--- ASSIGNED TASK ---
Exactly transcribe the line that holds "MtG Ravnica Remastered" and every remaining line of the records, up to and including the final one, with nothing else.

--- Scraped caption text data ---
++++

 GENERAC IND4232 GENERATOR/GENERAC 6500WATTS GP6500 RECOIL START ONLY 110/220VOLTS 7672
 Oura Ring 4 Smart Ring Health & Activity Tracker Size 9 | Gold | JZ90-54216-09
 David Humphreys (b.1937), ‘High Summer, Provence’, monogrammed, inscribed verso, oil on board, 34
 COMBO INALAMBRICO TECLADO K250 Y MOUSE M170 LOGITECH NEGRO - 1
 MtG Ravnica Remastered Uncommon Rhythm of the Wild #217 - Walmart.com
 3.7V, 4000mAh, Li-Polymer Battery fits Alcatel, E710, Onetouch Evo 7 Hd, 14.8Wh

++++

--- RESPONSE ---
 MtG Ravnica Remastered Uncommon Rhythm of the Wild #217 - Walmart.com
 3.7V, 4000mAh, Li-Polymer Battery fits Alcatel, E710, Onetouch Evo 7 Hd, 14.8Wh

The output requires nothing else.